Hamish de Bretton-Gordon, a former commander of the British Joint Chemical, Biological, Radiological and Nuclear (CBRN) Regiment and Nato's Rapid Reaction CBRN Battalion, said it was clear that Damascus had not declared all of its chemical weapon stocks as it had been obliged to do when it signed up to the Chemical Weapons Convention (CWC) in 2013.
"It is very clear to me that the Syrian regime are responsible for the Sarin nerve agents attack on Khan Sheikhun last week. The most likely scenario is that Syrian aircraft dropped a number of bombs filled with the deadly agent which caused the casualties," wrote Bretton-Gordon.
Others have questioned the credibility of the US assessment of the incident pinning the blame on Damascus.

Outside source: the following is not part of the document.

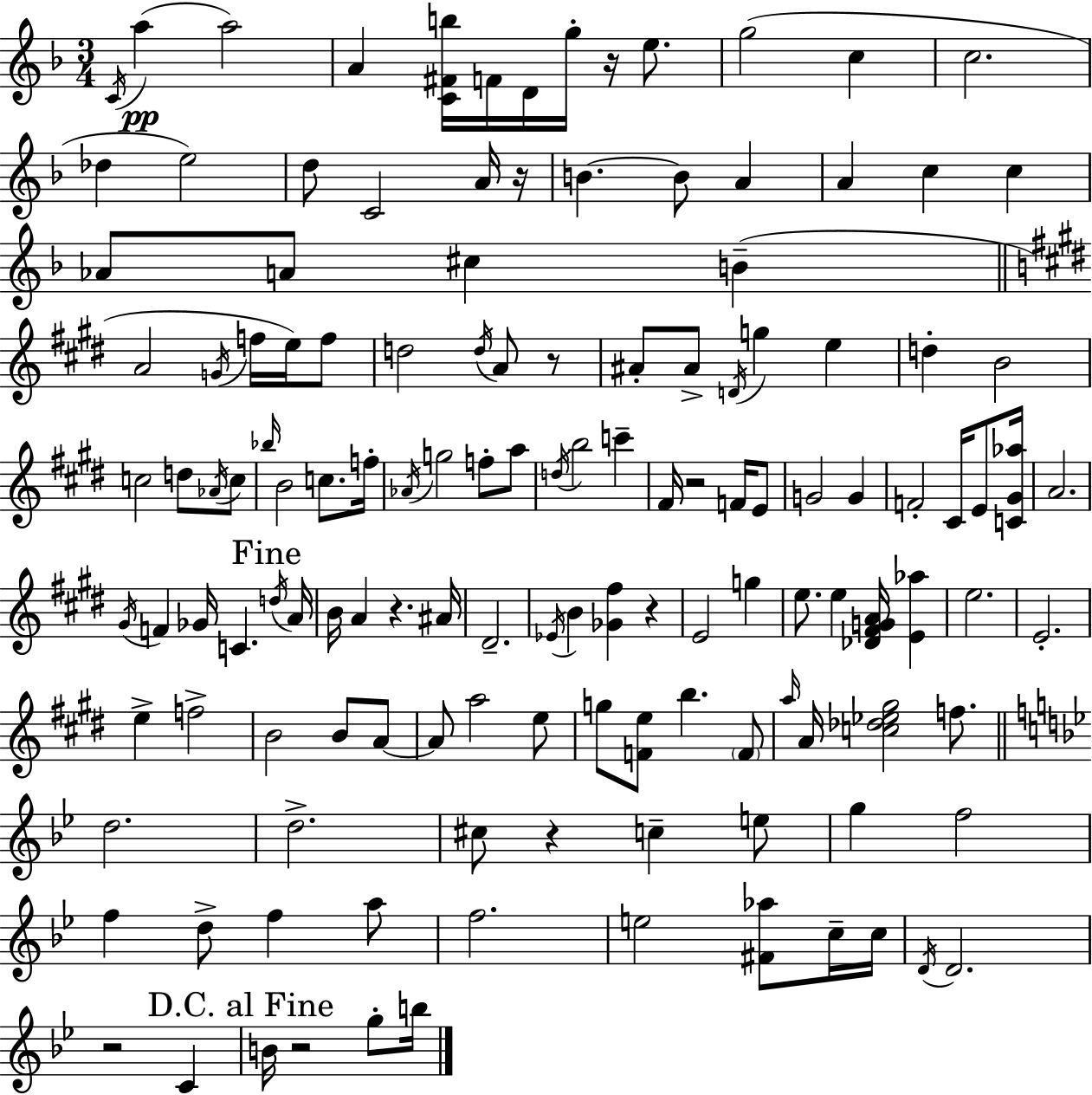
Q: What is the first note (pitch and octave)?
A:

Theodore Postol, a professor at the Massachusetts Institute of Technology and a former scientific adviser at the Pentagon, said he assessed that a nerve agent had been dispersed from a munition placed on the ground citing photographs of the crater used in a White House intelligence assessment.
"The report contains absolutely no evidence that this attack was the result of a munition being dropped from an aircraft. In fact, the report contains absolutely no evidence that would indicate who was the perpetrator of this atrocity,” Postol wrote in a report published on 17 April.
Hans Blix, the former United Nations weapons inspector, wrote on the Oxford Research Group website that on balance it seemed probable that the attack had been carried out by the Syrian government.
Despite being nationals of hostile powers, we were warmly received in Shayrat, with Khoder and his family taking us up to the roof of his small concrete bungalow and serving us tea. Other villagers also invited us into their homes and offered us delicious local almonds.
But Khoder's hospitality did not stop him from directing his anger at US President Donald Trump who he said had betrayed a pre-election pledge to fight IS and al-Qaeda.
"Before the elections the president said that he would fight Daesh [IS] and al-Qaeda. After the election he changed," he said.
"President Trump, he is a crazy man. The great country of America does not deserve such a dumb president."
He also condemned British Prime Minister Theresa May, who expressed support for the US attack.
"She wants to take us back to colonisation, just as it was 100 years ago," he said.